Reproductive Immunology

Definition - What does Reproductive Immunology mean?

Reproductive immunology is a specialized area of medicine that deals with detection and management of reproductive disorders that are either due to direct or indirect interactions with the immune system.

The immune system is the defense system of the body, but under abnormal circumstances, the immune system can develop immunological reactions between the immune cells and the cells of the reproductive system, such as the eggs, sperm or even a developing embryo. These immune reactions can lead to difficulty in conceiving or recurrent pregnancy losses (RPL), therefore reproductive immunology has an emerging role in the evaluation of infertility.

FertilitySmarts explains Reproductive Immunology

The immune system is the body's inner defense system that protects the internal environment against harmful invaders and is primarily made up of white blood cells and substances produced and released by them. There are certain abnormalities that can happen in the immune system that can result in an increased or decreased function of these immune cells and its constituents. Over-activity of the immune system can lead to white blood cells attacking normal cells of the body. In case of an under-active immune system, it makes the body more prone to infective disease and certain forms of cancers.

The immune system of a woman plays an important role in fertilization and implantation of the embryo. Natural killer (NK) cells are a group of specialized white blood cells that are present in large numbers in the uterus and they help in the early stages of pregnancy including implantation and formation of the placenta. Altered activity of these cells is thought to interfere with the normal process of implantation, leading to infertility. Further studies are needed on this topic.

An embryo that is growing inside a uterus is partly foreign to the mother as half of its genetic content belongs to the father. But during pregnancy, the immune system starts to recognize the embryo as a part of the body and does not try to get rid of it. This is called maternal immune tolerance. If the woman develops an abnormal immune reaction against the fetus, that can lead to a miscarriage or pregnancy complications.

The placenta is partly responsible for the maintenance of immune tolerance.

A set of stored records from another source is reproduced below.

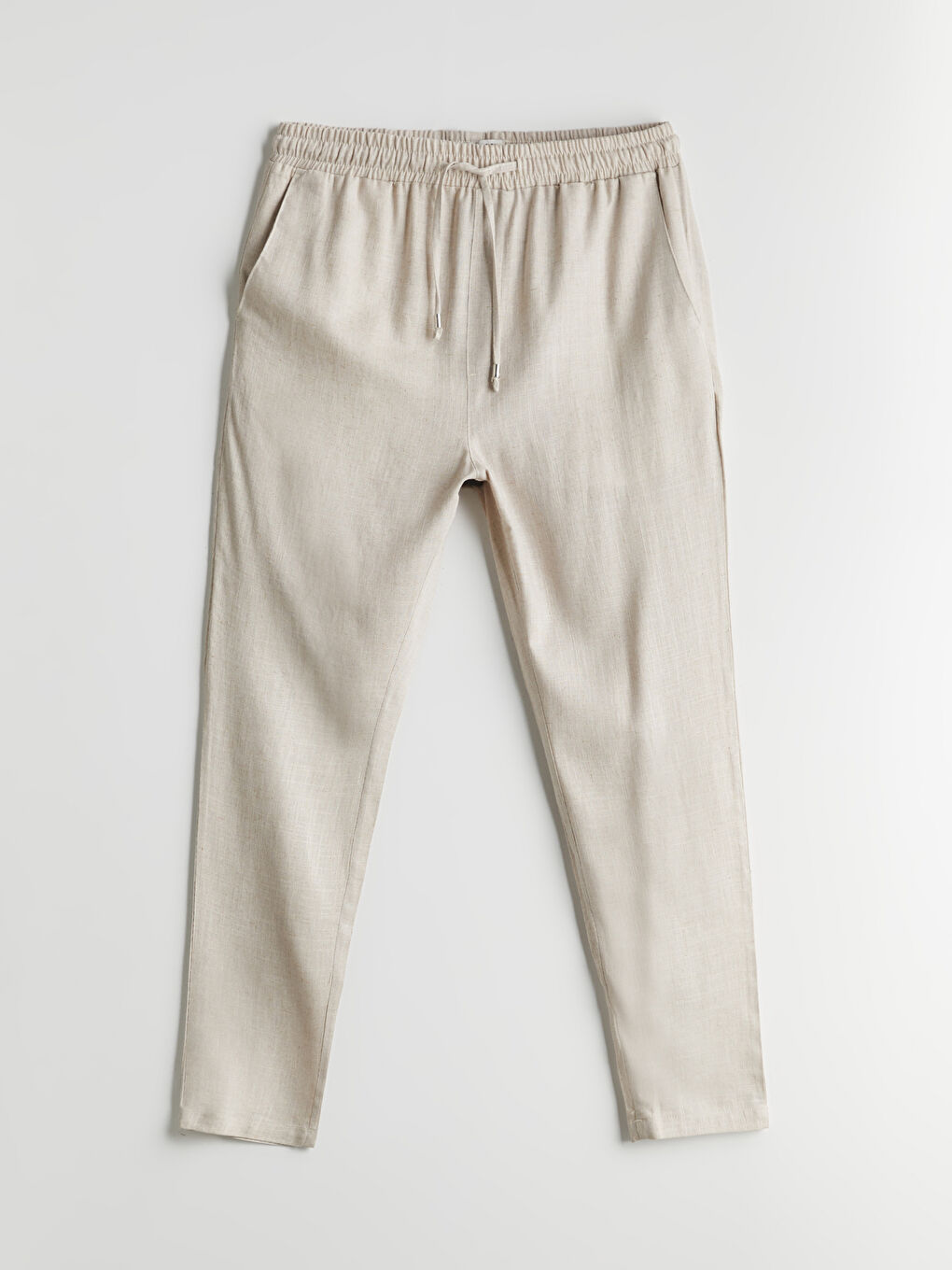 بنطلون خليط كتان بقصة عادية للرجال-4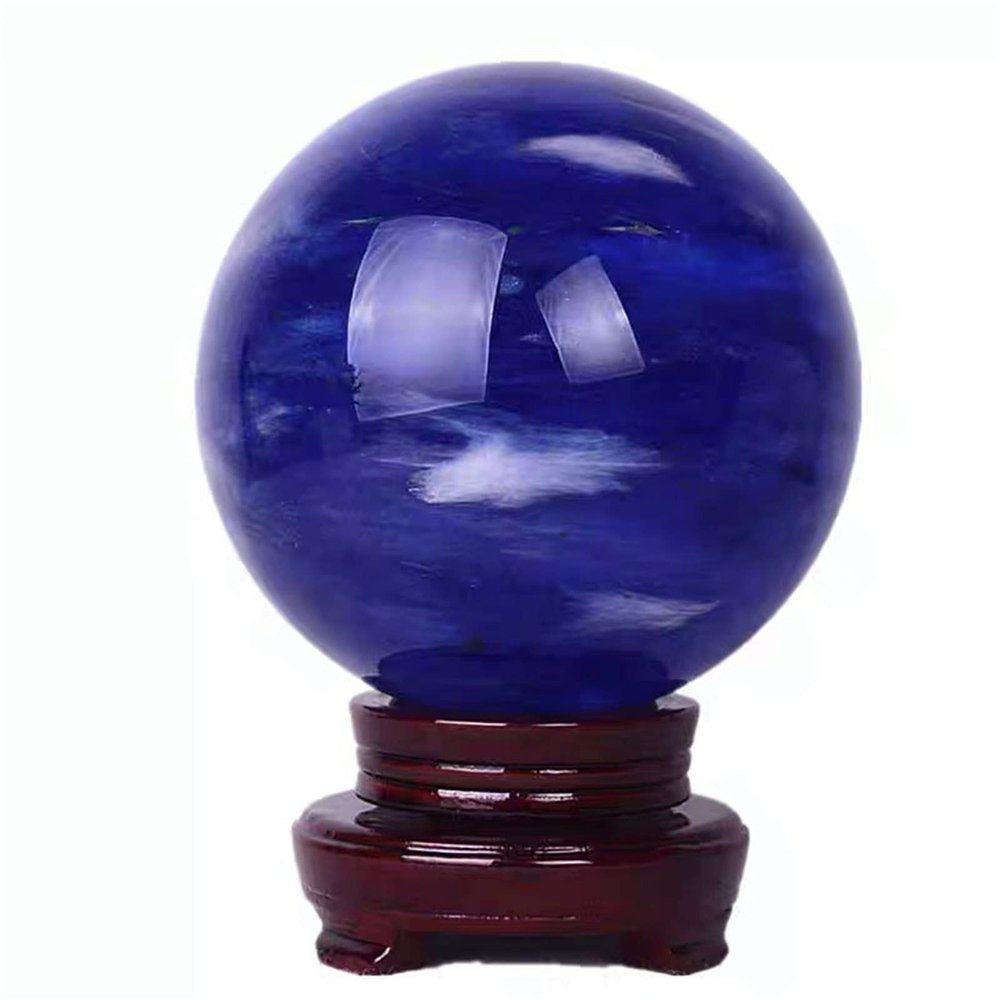 JALYKA Rough Blue Natural Crystal Ball with Stand, Melted Red Crystal Ball Decor for Divination Mirror, Home Decor, 3.1 in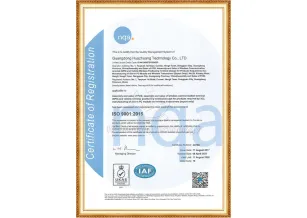ISO 9001 قوانغدونغ هواتشوانغ (مصنع تاويوان ومصنع شينتانغ)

The placenta allows the passage of antibodies from the mother to the fetus that protects the fetus from infections, but it blocks cells from being exchanged from the maternal side to the fetus and vice versa and prevents the development of immune reactions.

The immune system in men can sometimes produce antibodies against their own sperm cells leading to the death of loss of function of the sperm cells due to being attacked by immune cells and this leads to male factor infertility. Very rarely, women can also develop antisperm antibodies in their blood which can destroy sperm cells when they are deposited in the vagina.

Specialists in reproductive immunology are involved in the management of infertility when a cause for infertility is not found after the routine infertility investigations, or if there is a strong suspicion of an underlying immune system association.